» **Instructions to follow**
Pull every line containing "auction" from the data.

_____

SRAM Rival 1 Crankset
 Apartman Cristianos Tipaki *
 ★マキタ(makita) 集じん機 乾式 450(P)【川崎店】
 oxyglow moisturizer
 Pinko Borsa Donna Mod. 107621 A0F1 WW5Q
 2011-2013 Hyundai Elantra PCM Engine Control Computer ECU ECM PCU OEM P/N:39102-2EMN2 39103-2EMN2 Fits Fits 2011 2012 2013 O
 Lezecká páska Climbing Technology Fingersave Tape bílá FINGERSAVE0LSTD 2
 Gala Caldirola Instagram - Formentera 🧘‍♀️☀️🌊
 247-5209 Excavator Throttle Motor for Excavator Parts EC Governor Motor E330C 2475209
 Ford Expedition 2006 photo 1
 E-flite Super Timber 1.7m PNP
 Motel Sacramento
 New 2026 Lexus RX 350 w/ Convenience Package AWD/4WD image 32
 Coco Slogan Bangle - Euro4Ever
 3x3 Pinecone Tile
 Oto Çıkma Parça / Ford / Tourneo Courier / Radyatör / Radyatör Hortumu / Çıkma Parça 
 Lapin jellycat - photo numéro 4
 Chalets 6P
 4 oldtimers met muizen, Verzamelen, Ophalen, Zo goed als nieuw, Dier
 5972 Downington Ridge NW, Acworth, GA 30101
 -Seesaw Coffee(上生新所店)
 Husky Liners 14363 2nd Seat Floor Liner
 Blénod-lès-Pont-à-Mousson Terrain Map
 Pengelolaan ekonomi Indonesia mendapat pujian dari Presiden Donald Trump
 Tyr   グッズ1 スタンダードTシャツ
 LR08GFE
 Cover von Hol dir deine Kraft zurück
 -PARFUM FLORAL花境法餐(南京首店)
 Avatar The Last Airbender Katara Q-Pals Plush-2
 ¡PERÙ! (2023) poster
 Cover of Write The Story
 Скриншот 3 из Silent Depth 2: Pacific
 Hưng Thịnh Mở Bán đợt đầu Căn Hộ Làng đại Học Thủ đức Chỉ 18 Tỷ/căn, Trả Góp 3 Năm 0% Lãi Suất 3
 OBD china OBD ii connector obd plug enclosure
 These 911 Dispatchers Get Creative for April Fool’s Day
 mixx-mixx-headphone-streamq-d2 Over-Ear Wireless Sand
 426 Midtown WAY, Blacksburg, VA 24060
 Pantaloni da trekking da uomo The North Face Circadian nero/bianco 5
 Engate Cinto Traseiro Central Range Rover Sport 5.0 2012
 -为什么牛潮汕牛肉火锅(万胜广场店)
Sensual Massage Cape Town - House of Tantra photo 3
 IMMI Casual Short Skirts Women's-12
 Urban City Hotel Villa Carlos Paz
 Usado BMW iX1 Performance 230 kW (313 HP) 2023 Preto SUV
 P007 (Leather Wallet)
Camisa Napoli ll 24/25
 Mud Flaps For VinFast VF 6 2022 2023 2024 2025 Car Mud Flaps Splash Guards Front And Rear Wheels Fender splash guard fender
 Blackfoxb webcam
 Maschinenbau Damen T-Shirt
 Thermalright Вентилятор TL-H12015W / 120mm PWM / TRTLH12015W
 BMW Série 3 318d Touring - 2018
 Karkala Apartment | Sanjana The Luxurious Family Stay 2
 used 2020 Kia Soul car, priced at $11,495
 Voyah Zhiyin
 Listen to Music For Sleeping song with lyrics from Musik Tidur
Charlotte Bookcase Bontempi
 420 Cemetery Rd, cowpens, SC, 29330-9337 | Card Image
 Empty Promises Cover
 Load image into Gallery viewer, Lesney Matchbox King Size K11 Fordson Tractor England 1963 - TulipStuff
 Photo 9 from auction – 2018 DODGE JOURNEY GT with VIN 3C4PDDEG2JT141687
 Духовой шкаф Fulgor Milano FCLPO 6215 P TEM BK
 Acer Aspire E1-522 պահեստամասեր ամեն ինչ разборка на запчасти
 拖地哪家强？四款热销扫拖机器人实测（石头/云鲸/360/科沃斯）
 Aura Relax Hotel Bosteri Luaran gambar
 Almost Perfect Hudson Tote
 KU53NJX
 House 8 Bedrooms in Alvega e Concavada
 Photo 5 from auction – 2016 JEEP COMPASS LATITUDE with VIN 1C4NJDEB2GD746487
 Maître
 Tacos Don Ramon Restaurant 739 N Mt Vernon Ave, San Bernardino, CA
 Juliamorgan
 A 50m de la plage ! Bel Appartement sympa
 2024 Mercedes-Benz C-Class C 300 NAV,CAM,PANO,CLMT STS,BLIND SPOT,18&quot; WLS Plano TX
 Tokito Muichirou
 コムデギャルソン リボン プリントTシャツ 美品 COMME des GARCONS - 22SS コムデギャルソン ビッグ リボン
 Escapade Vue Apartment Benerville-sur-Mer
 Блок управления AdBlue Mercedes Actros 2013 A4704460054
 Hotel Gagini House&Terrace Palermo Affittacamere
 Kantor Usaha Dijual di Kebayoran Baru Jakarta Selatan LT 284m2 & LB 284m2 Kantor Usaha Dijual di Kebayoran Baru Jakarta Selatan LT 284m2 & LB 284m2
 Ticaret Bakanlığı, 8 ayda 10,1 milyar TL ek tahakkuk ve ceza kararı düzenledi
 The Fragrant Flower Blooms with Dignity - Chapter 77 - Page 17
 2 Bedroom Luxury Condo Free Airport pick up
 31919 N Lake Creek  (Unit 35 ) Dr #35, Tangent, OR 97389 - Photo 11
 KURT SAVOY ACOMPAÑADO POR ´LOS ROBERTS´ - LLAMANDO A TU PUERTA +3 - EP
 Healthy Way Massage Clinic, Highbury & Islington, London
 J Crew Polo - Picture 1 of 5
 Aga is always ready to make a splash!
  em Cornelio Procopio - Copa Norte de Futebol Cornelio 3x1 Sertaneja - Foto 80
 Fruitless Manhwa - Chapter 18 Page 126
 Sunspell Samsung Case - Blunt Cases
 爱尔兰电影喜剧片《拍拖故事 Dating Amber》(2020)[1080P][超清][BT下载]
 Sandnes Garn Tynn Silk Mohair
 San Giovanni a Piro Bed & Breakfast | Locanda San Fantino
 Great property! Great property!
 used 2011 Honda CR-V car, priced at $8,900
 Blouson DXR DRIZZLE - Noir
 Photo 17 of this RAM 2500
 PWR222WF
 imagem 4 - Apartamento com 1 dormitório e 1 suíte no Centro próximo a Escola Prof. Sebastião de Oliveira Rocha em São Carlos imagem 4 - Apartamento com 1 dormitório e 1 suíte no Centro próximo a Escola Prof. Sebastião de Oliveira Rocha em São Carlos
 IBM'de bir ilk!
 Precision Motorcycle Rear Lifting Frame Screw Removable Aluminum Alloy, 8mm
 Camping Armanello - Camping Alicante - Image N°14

_____

» **Problem solution**
 Photo 9 from auction – 2018 DODGE JOURNEY GT with VIN 3C4PDDEG2JT141687
 Photo 5 from auction – 2016 JEEP COMPASS LATITUDE with VIN 1C4NJDEB2GD746487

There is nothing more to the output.